Rund 450 Menschen nahmen am Samstag ihr Recht auf Versammlungsfreiheit wahr. Was Stadt und Kirche zu den Protesten in Balingen sagen, wir haben nachgehakt.
In der Eyachstadt war am Wochenende einiges los: Zu einer geplanten Demonstration unter dem Motto „Gemeinsam für Deutschland“ hinter der Stadtkirche mit anschließendem Protestmarsch durch die Innenstadt kamen rund 400 Teilnehmer.
Unter den größtenteils dem bürgerlichen Milieu zuzuordnenden Personen war auch eine kleine Gruppe Rechtsextremer.
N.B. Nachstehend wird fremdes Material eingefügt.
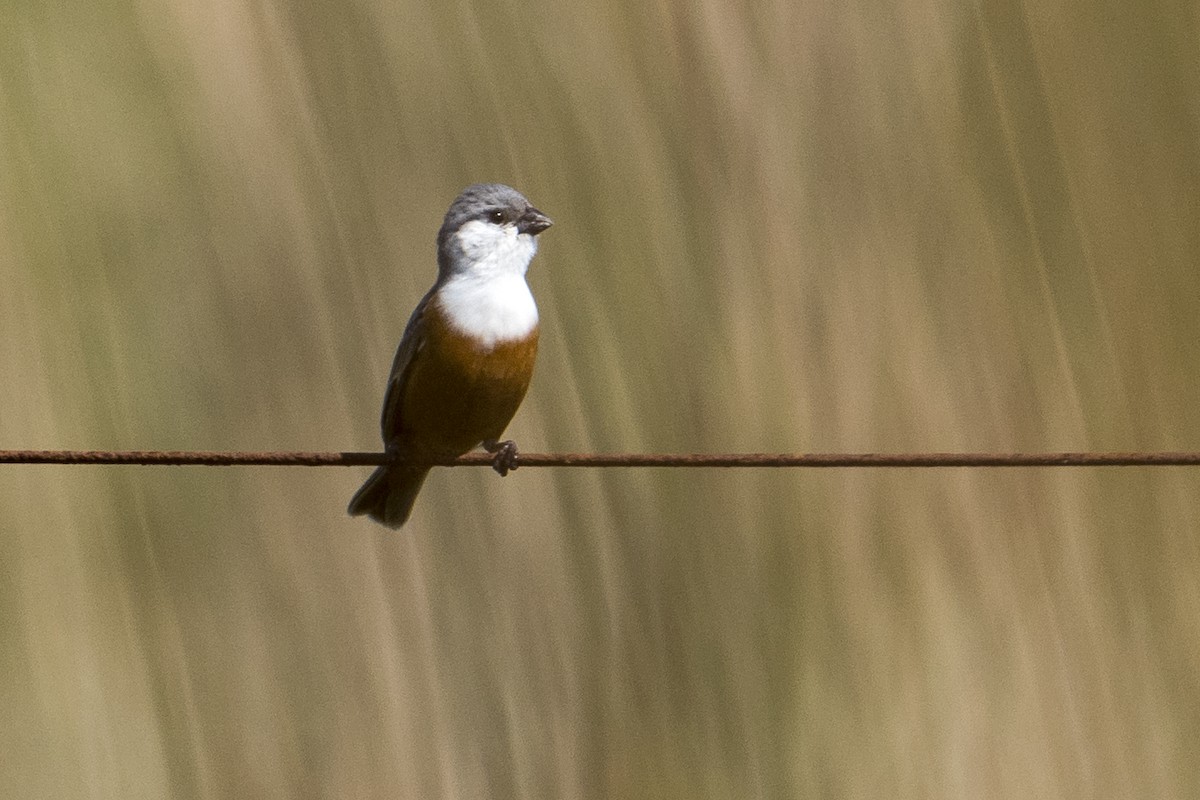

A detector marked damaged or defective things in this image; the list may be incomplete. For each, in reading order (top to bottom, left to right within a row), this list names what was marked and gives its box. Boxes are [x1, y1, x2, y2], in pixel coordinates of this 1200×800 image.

Das bestätigte sowohl die Polizei als auch das Landesamt für Verfassungsschutz Baden-Württemberg auf Nachfrage unserer Redaktion.
Mehrere rechtsextreme Gruppierungen hatten sich vorab angekündigt und kräftig für den Besuch der Demo geworben.
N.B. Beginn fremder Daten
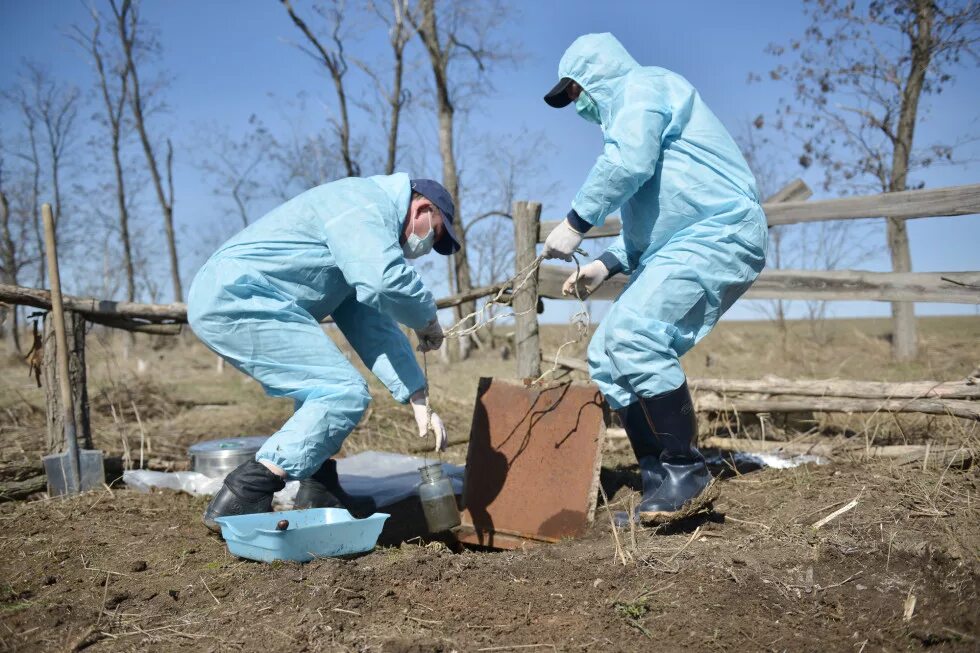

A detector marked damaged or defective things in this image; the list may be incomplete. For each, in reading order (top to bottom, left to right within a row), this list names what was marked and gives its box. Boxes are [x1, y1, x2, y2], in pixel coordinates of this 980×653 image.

rusty metal sheet [458, 376, 604, 552]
Der fast zeitgleich stattfindenden Gegendemonstration wohnten zahlreiche Mitglieder linksextremer Gruppierungen bei, welche sich gegen Mittag in Richtung Kirchplatz aufmachten.
Gewährleistung des Grundrechts auf Versammlungsfreiheit Aufgabe der Stadt
Neben zahlreichen Polizeibeamten war auch der Ordnungsdienst der Stadt Balingen vor Ort. Denn: Als Versammlungsbehörde ist die Gewährleistung des Grundrechts auf Versammlungsfreiheit und die Gewährleistung der Sicherheit der Versammlungsteilnehmer sowie der öffentlichen Ordnung Aufgabe der Stadt. Das gilt unabhängig von der politischen Orientierung der Versammlungsanmelder oder der Inhalte der Versammlung, sofern diese nicht strafbar sind.
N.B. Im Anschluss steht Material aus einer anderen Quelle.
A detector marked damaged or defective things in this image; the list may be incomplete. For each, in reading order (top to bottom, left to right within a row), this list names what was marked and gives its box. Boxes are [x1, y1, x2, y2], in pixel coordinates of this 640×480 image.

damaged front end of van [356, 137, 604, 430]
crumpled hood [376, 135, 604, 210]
Die Einschränkung des Aufzugs zur Gewährleistung der Sicherheit aller anwesenden Personen war nach Ansicht der Stadtverwaltung der Lage angemessen. Der Polizei sei es dadurch gelungen, direkte Konfrontationen zu vermeiden. „Angesichts der dynamischen Lage an diesem Tag auch im Vergleich mit anderen Städten ist dies ein erfreulicher Ausgang“, meint Pressesprecher Dennis Schmidt.
Dennoch werden nun mögliche Ermittlungsverfahren wegen Verstößen gegen das Versammlungsgesetz und weiterer Vorkommnisse geprüft. „Versammlungen dienen der freien Meinungsäußerung und der öffentlichen Diskussion mit friedlichen Mitteln. Ein Missbrauch dieses Grundrechts – gleich von welcher Richtung – ist mit den hierzu zu Verfügung stehenden Mitteln zu begegnen“, heißt es dazu seitens der Stadt.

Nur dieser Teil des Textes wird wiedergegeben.